A ziplock bag containing organic vegetarian gummy bears and two cliff shots. To treat a low blood sugar I eat a handful of gummy bears to quickly raise my sugar and follow up with a cliff shot to prevent me from going low again. This combination is quite effective and may, in fact, result in a high blood sugar. I choose these particular foods because they are squish resistant and consumable in a wide range of temperatures.

0-3 bars. Usually cliff mojo bars or plain old snickers bars (not when it is hot...they melt). This is food I plan to eat to stay energized plus a bit extra if I am forced to stay out longer then planed. These go in pockets.

Diabetic stuff. Blood sugar test kit, fast acting insulin (in a protective container...i use an old test strip vial) and two syringes. I can stuff these items and the bag of gummy bears in the bottom of my chalk bag, using the gummy bears as padding to protect the medical supplies.

If i am out all day bring more real food (sandwiches, fruit, chocolate, nuts, trail mix) to keep my energy levels up. In particular, I find protean and complex carbs very important to keeping my sugars well regulated, particularly in the morning. These will usually go in a small pack along with some extra clothing and my long acting insulin.

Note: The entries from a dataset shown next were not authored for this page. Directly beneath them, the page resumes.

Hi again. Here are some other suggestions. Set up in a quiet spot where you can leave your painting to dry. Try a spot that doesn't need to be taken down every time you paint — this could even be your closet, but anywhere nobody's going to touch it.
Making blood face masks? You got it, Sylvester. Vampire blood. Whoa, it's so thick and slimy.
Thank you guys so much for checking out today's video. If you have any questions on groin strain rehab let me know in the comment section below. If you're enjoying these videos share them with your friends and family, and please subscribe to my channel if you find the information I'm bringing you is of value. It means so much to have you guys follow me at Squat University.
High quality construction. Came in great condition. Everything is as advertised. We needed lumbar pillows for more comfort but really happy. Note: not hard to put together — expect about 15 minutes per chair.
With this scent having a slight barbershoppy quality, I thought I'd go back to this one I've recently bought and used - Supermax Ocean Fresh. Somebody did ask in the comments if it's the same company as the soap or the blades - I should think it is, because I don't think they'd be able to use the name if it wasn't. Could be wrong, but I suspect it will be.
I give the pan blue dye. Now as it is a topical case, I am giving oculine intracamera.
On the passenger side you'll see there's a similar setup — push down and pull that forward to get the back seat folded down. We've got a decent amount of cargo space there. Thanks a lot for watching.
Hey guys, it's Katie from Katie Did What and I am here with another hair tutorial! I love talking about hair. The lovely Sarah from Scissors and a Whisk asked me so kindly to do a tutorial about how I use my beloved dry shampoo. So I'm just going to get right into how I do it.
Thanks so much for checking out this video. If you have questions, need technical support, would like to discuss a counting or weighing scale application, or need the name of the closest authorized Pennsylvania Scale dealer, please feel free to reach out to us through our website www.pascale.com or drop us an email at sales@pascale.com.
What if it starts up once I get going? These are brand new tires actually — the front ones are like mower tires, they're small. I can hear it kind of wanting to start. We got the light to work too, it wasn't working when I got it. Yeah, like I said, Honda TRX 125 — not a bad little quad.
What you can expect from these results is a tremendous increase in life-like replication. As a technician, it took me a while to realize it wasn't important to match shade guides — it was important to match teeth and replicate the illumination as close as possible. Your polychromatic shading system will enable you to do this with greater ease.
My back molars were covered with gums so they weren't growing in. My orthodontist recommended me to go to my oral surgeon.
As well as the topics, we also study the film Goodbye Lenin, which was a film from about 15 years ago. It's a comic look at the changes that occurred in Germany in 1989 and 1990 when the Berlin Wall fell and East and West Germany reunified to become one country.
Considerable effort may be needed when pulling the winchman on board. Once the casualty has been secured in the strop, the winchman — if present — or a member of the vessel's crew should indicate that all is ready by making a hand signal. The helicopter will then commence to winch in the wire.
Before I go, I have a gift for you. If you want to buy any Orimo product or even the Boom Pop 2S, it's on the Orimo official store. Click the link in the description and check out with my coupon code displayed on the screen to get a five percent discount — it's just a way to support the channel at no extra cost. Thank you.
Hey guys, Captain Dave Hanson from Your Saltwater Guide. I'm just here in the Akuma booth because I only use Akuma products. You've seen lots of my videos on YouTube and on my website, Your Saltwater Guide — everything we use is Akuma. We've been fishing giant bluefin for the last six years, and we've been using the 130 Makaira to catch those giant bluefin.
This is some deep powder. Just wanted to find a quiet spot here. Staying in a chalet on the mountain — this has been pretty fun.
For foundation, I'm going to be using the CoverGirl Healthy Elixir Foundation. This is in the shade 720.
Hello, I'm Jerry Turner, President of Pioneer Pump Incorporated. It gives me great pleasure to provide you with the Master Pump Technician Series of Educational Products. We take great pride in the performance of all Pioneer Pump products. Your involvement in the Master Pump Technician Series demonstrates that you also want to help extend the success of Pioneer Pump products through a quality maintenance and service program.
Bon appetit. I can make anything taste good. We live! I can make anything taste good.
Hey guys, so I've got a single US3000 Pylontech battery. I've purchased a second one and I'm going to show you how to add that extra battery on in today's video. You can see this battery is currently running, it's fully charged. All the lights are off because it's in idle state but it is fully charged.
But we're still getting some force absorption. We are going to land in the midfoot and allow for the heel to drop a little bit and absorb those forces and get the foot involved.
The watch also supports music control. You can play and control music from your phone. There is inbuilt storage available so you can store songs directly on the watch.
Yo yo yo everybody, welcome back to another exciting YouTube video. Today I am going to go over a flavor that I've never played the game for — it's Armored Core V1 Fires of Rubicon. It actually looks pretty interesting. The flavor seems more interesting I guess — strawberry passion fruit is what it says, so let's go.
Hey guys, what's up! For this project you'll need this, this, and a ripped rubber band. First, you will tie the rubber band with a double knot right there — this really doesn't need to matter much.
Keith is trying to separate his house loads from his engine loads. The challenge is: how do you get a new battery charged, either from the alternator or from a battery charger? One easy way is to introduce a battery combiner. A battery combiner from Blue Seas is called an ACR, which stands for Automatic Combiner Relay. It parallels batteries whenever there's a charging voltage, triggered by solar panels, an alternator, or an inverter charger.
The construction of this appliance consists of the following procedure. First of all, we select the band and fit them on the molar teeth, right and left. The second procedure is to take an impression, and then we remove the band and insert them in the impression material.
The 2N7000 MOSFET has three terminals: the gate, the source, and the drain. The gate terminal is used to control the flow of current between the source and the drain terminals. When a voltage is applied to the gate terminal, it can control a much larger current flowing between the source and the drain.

I take a shot of long acting insulin (lantus) in the morning and in the evening, I find that i need to reduce the size of the shots i take in the morning before a long day and the evening after and reduce the number and size of the fast acting shots I take throughout the day. If you choose to try such a program, consult your doctor first and be sure to test your blood sugar frequently and make notes of what works and what doesn't.

Hydration is vary important but is no different for the diabetic then for a normal climber. Carrying lots of water sucks and various strategies can be used to reduce the need. It boils down to wake up early, climb quickley and bring your water or know what you need to do to find/make safe water in the area you will be in.